Data extract
......

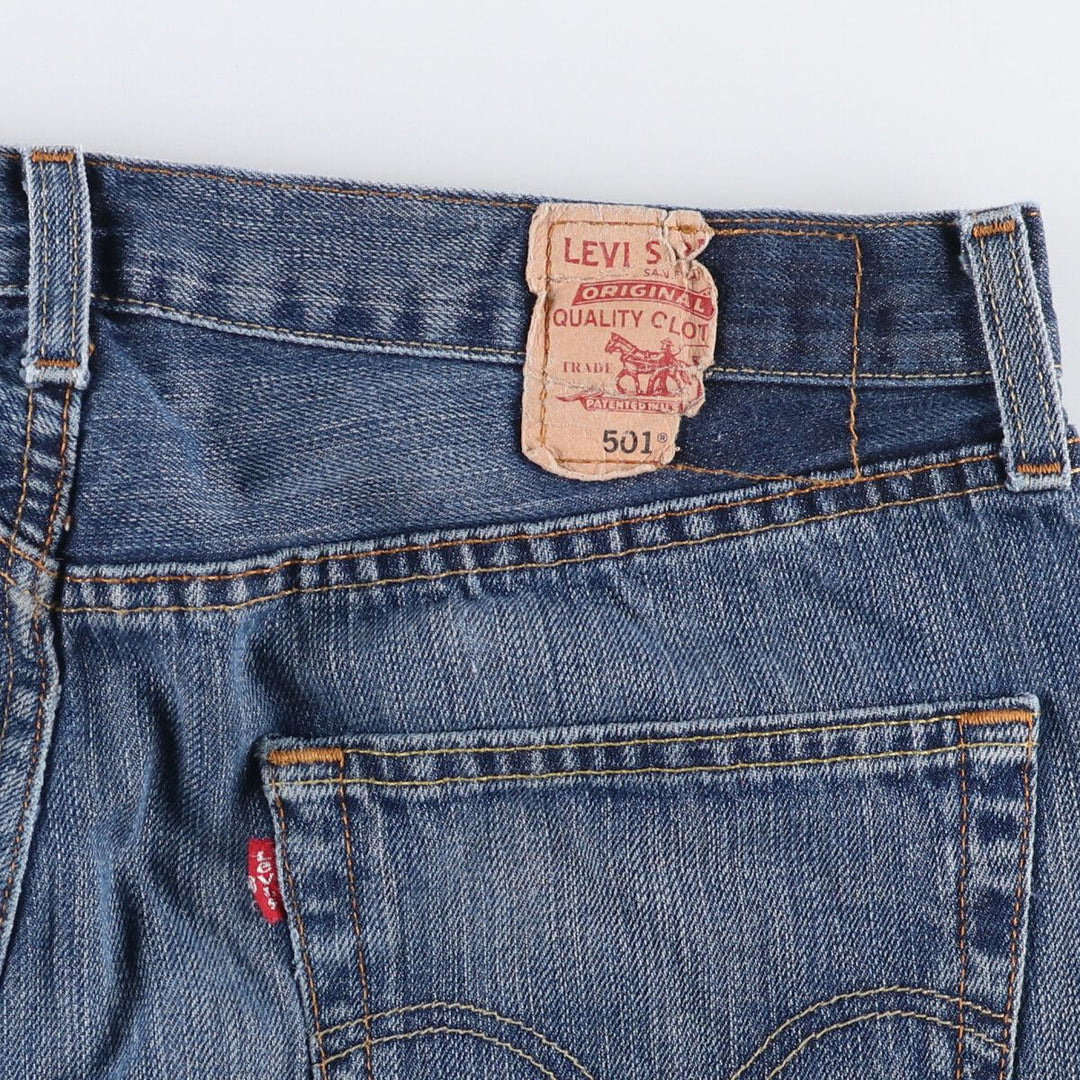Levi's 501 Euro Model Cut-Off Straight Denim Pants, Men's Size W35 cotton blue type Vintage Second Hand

......

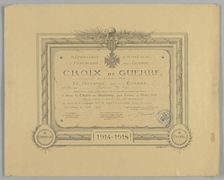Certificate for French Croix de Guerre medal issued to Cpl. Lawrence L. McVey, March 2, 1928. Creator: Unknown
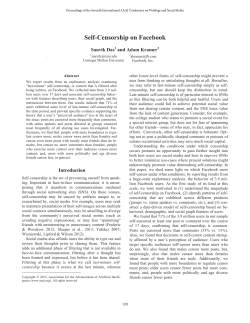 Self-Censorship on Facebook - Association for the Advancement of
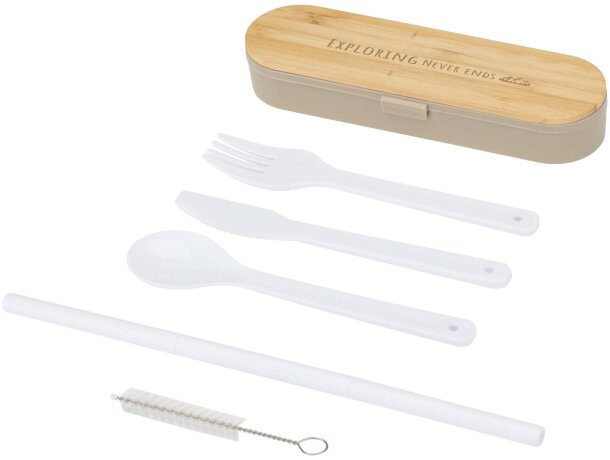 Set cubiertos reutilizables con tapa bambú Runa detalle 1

......

Description of the task
All that is wanted is the lines above between the one containing "Certificate for French" and the one containing "Set cubiertos reutilizables", inclusive, restated word for word, with pictures omitted.

Output of the exercise
Certificate for French Croix de Guerre medal issued to Cpl. Lawrence L. McVey, March 2, 1928. Creator: Unknown
 Self-Censorship on Facebook - Association for the Advancement of
 Set cubiertos reutilizables con tapa bambú Runa detalle 1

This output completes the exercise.